2023 seçimlerine hazırlanan Türkiye'de muhalefet kazanmak istiyorsa geleceğe bakmak durumundadır.
'Türk tipi sistemin' sürdürülebilir olmadığını görüp Türkiye toplumunun sistemden kaynaklı temel sorunlarının çözümüne dair cesaretli bir söylem geliştirmesi gerekmektedir.
HDP dışında kısmen Ali Babacan ekibinde bu cesaretli söylemin emareleri vardır. Ancak cesaretli söylemi bir hikayeyle örtüştüren sinerji oluşturulamıyor.
CHP ve İyi Parti, Türkiye'nin geleceğine dair farklı sözü olabilecek muhalefet unsurlarını baskıladığı için altılı bileşenden yansıyan koltuk pazarlığıdır.
Bunda da Akşener ön aldı ve 'başbakan' koltuğunu İyi Parti Genel Merkezi'nde 'emanete' koyduğu için geriye çok şey kalmamış görünmektedir.
Bu tabloda farklı söylemi olan HDP'nin tutumu önem kazanmaktadır. 27 Eylül Deklarasyonu bir ışık yakmış olmakla birlikte, HDP'li seçmenin oyunu önemlileştirmesi iki kutuplu denklemde bir riski barındırmaktadır.
Bu önemlileştirme her yönüyle 'kaybettiren' anlamında bir önemlileştirmedir.
Olumsuzlanmayı çağrıştıran önemliliğin pozitif ektisi hiçbir zaman anlaşılamayacaktır.
Yerel yönetimlerin belirlenmesinde ortaya çıkan önemlileşme idari yönden HDP'li seçmen kitlesine deneyim kazandırmadı.
HDP'li seçmenin tavır koyarak belirlenen yerel yönetimler bu seçmen kitlesine 'minneti' park-bahçelerde görmektedir.
Lütfedilip park-bahçelerde kimi işe alımlar dışında idari organizasyon içinde HDP'li seçmene reva görülen bir pozisyon yoktur.

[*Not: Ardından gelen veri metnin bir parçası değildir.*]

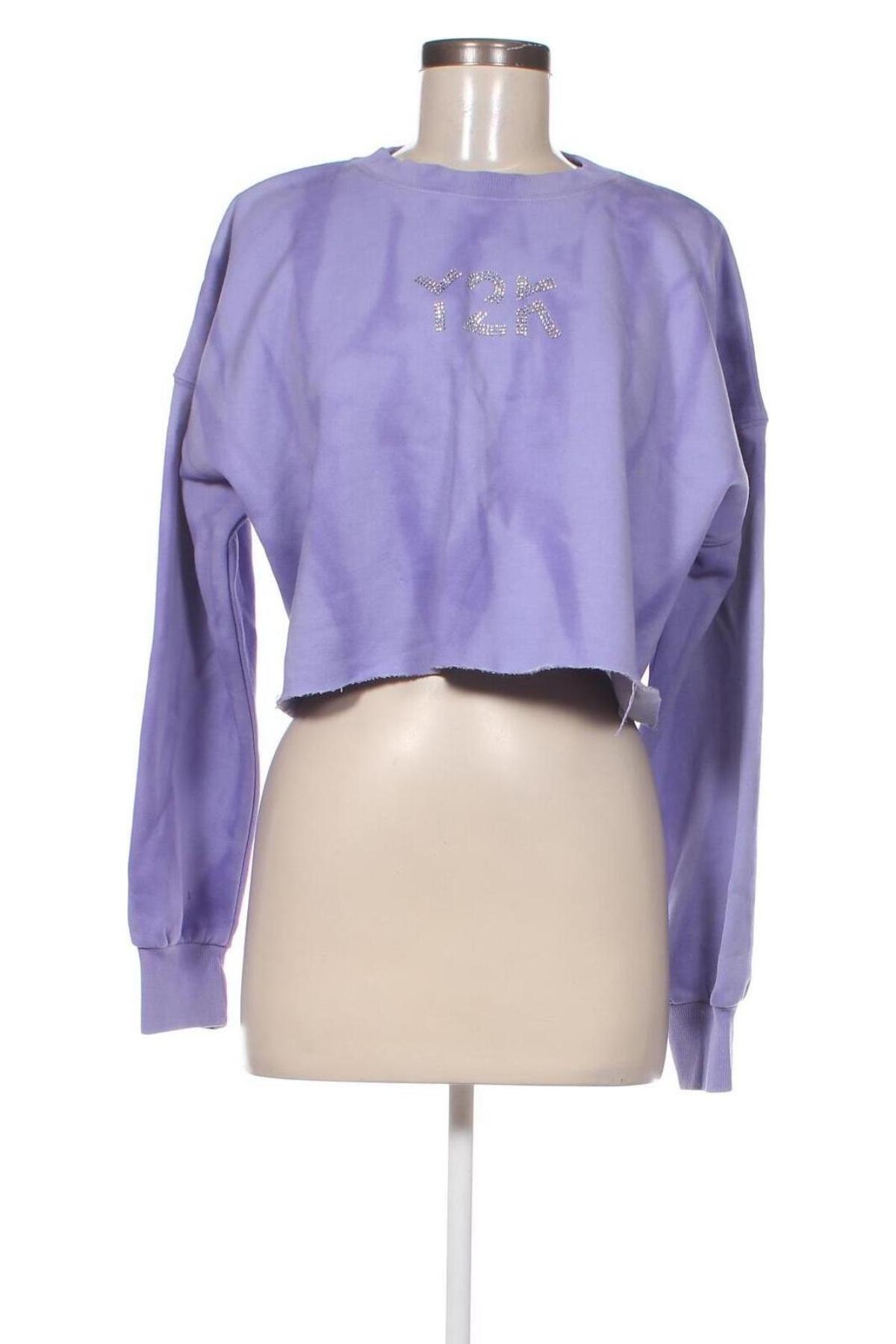 Damen Shirt Tally Weijl, Größe M, Farbe Lila, Preis € 5,59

Mevcut denklem içinde ve oluşturulan siyasal tasavvura göre iktidarın el değiştirmesinde HDP'li seçmenin payına aynı şeyin düşeceğini söylemek için kimsenin kâhin olması gerekmiyor.

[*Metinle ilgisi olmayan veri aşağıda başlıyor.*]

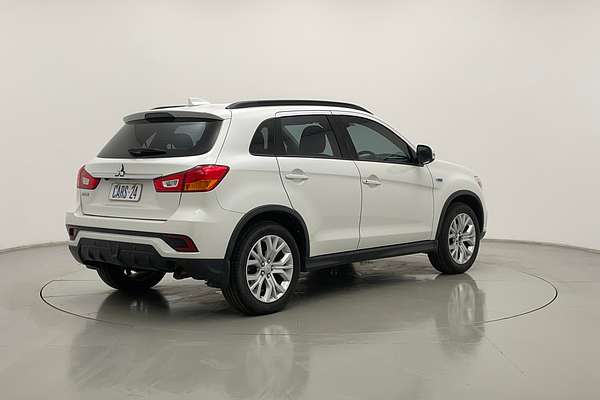 2019 Mitsubishi ASX ES ADAS XC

HDP'nin siyasal geleneğini temsil ettiği 30 yıllık demokratik siyaset aklın 2007'de ete-kemiğe büründürdüğü âdem-i merkeziyetçi idari/siyasi yapı -kimi eksiklikler içermekle birlikte- önerisi cesaretle söylenmiş farklı bir önermeydi.
Tam da üzerine söz söylenecek ve geliştirilecek noktadayken geri adım atılmasını anlamak güçtür.
27 Eylül Deklarasyonu da dâhil son dönemlerde üretilen metinlerde âdem-i merkeziyetçi vurgular kamufle edilerek söylenmektedir.
HDP, temsil ettiği toplumsal farklılıkların idari ve siyasi yapı içindeki temsiliyetini mümkün kılacak sözü söyleyebilecek noktada iken bundan imtina etmesi anlaşılır değildir.
2023 seçimlerine Türkiye'nin idari/siyasi yapısal sorunları tartışılmaksızın girilirse kazanan iktidar olacaktır.
Zira muhalefetin çoğunluk oya erişmesi durumunda bile verili sistemden geriye dönüşü beklemek saflık olur.
CHP de İyi Parti de 'Türk Tipi Sistem'de kalacaktır. Velev ki HDP'nin sandalye sayısıyla birlikte 360-400 anayasal değişiklik çoğunluğuna erişilmesi durumunda bile HDP'yi var eden kimliksel doyum sorunu olan kitlelerin taleplerine cevap veren bir karşılık geliştirilmeyecektir.
Zira 'kaybettiren' olarak HDP'nin siyasal tasavvurunu dikkate almak istemeyeceklerdir.
Bunun olmaması için öncelikli olarak Türkiye'nin farklılıkları dışlayan ve yok sayan idari/siyasi yapısının tartışmaya açılması gerekmektedir.
*Bu makalede yer alan fikirler yazara aittir ve Independent Türkçe'nin editöryal politikasını yansıtmayabilir.